▸ PROBLEM DETAILS: Could you give back exactly the lines below from the one with "Volvo V60 T6" through the one with "Earphones Beats Flex - Yuzu Yellow", without a single picture?

▸ PROVIDED RECORDS:
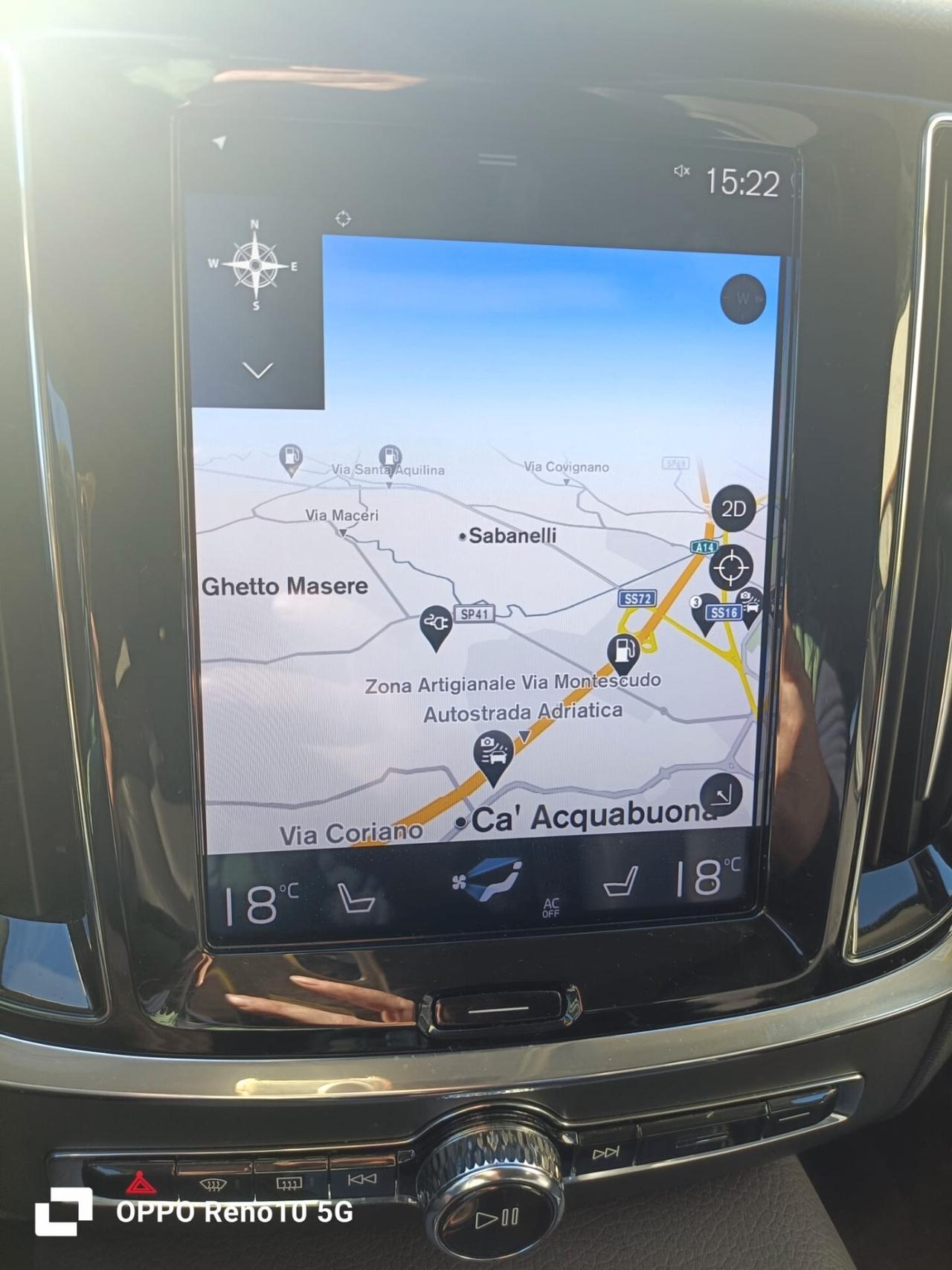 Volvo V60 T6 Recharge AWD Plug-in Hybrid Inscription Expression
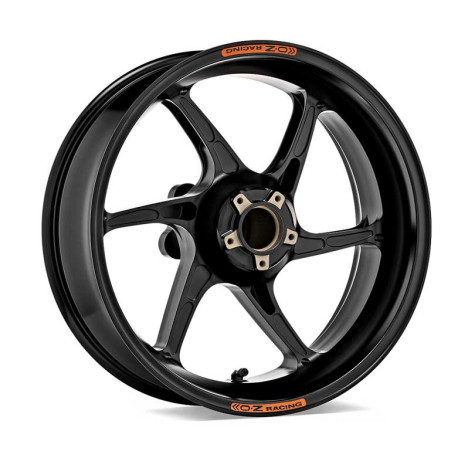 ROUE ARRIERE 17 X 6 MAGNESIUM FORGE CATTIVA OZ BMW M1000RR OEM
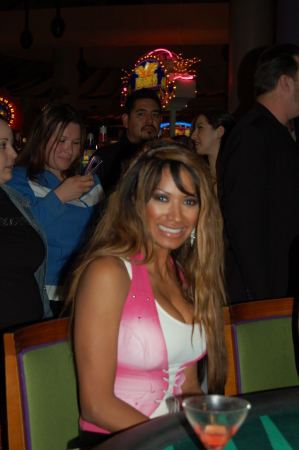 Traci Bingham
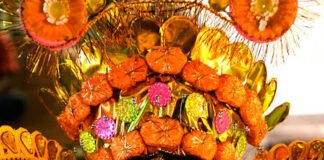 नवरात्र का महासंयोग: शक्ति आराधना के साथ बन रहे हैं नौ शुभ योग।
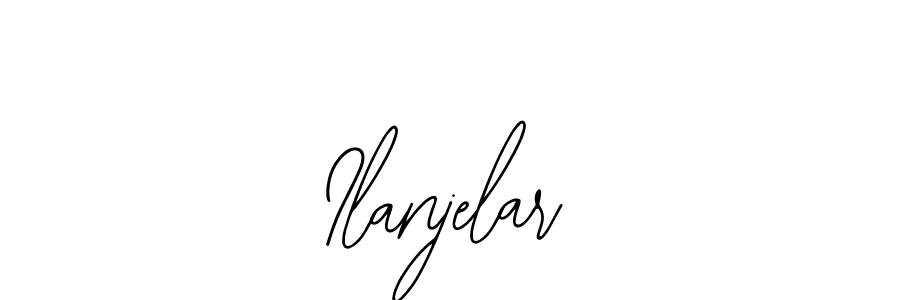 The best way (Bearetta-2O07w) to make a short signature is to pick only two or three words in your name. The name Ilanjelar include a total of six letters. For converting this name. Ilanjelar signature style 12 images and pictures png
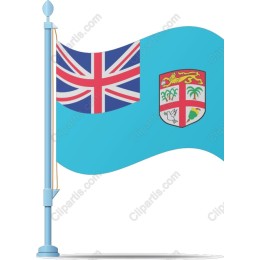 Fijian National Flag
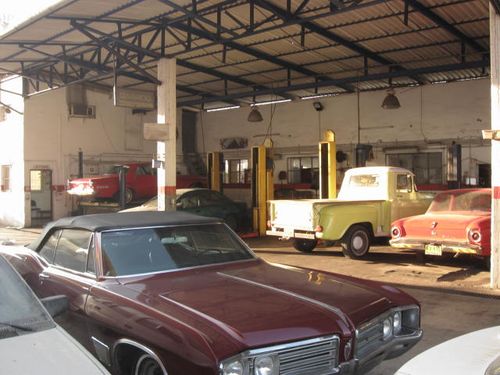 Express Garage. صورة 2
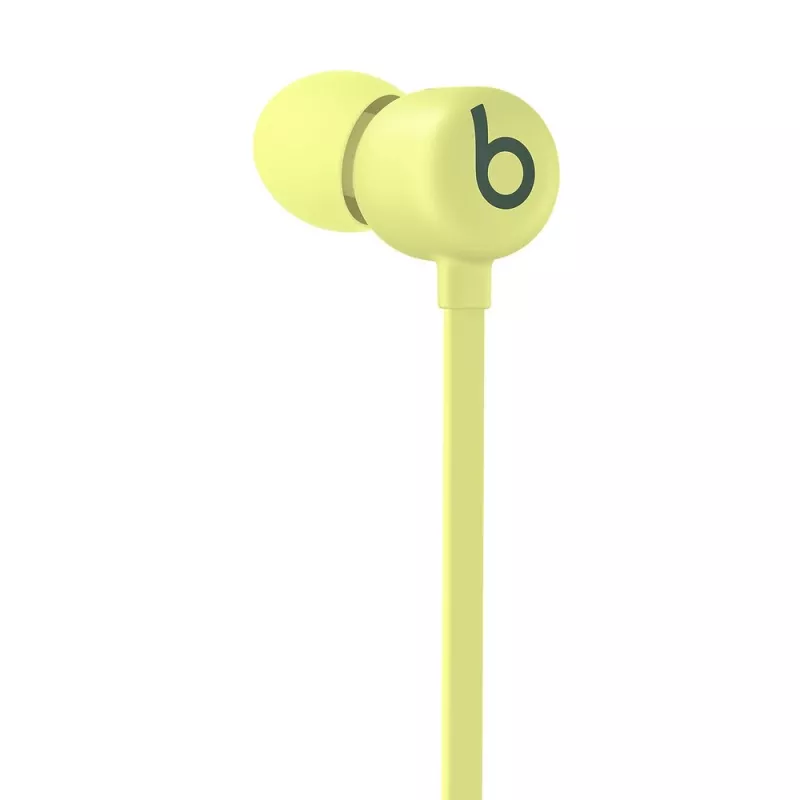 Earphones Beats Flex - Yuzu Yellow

...

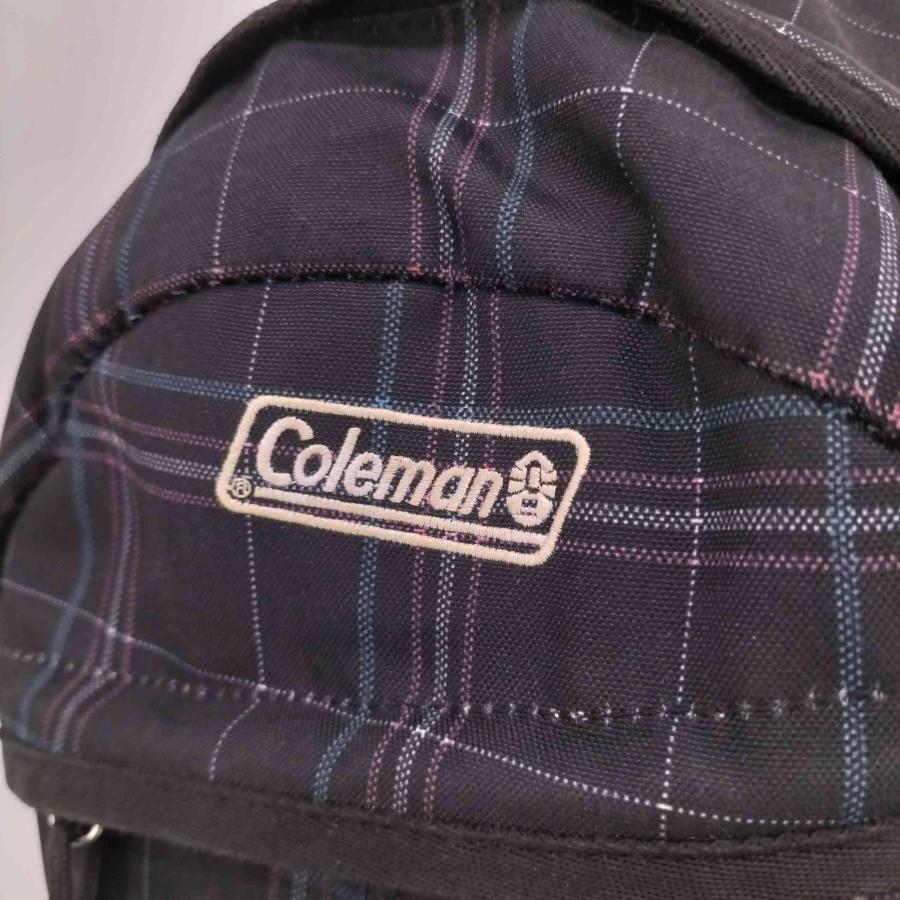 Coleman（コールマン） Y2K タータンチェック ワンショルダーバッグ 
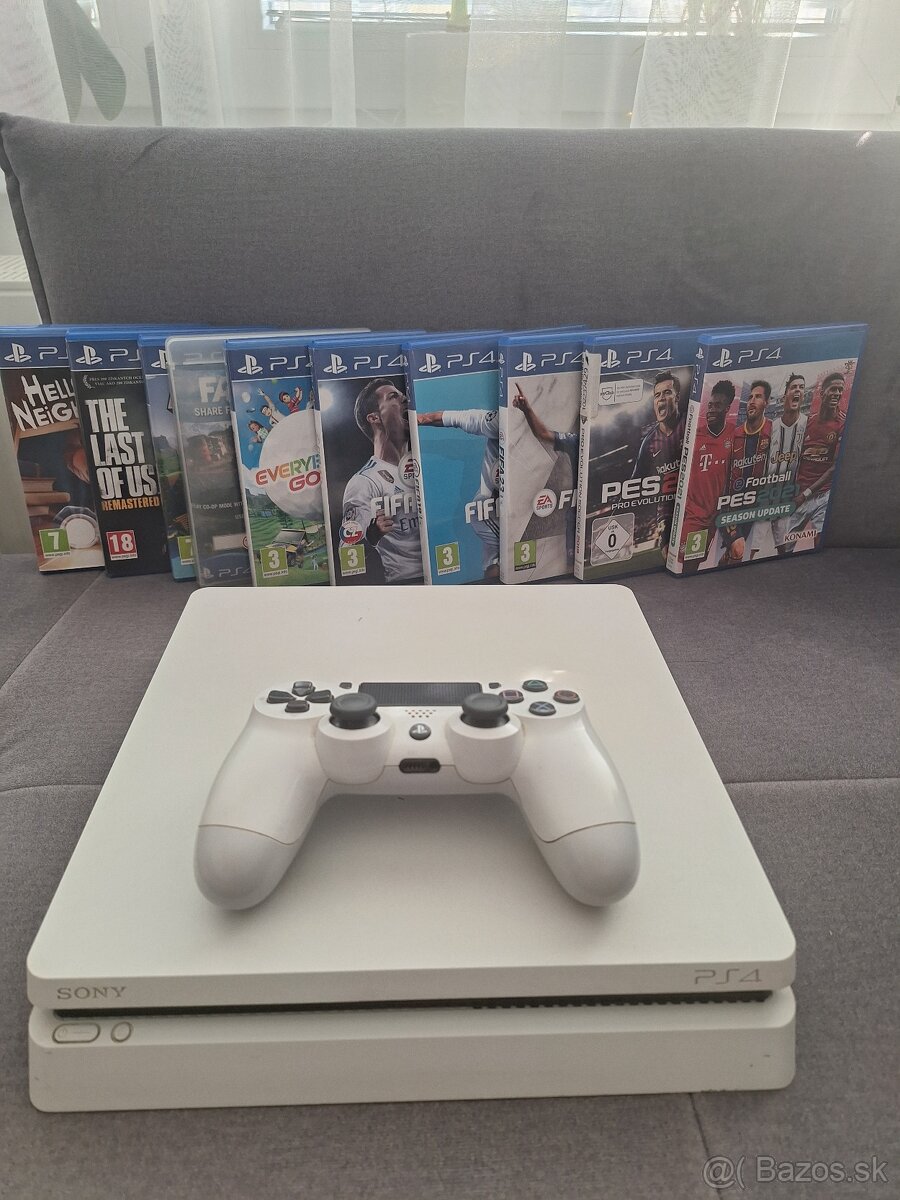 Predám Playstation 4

▸ SOLUTION TO THE EXERCISE:
 Volvo V60 T6 Recharge AWD Plug-in Hybrid Inscription Expression
 ROUE ARRIERE 17 X 6 MAGNESIUM FORGE CATTIVA OZ BMW M1000RR OEM
 Traci Bingham
 नवरात्र का महासंयोग: शक्ति आराधना के साथ बन रहे हैं नौ शुभ योग।
 The best way (Bearetta-2O07w) to make a short signature is to pick only two or three words in your name. The name Ilanjelar include a total of six letters. For converting this name. Ilanjelar signature style 12 images and pictures png
 Fijian National Flag
 Express Garage. صورة 2
 Earphones Beats Flex - Yuzu Yellow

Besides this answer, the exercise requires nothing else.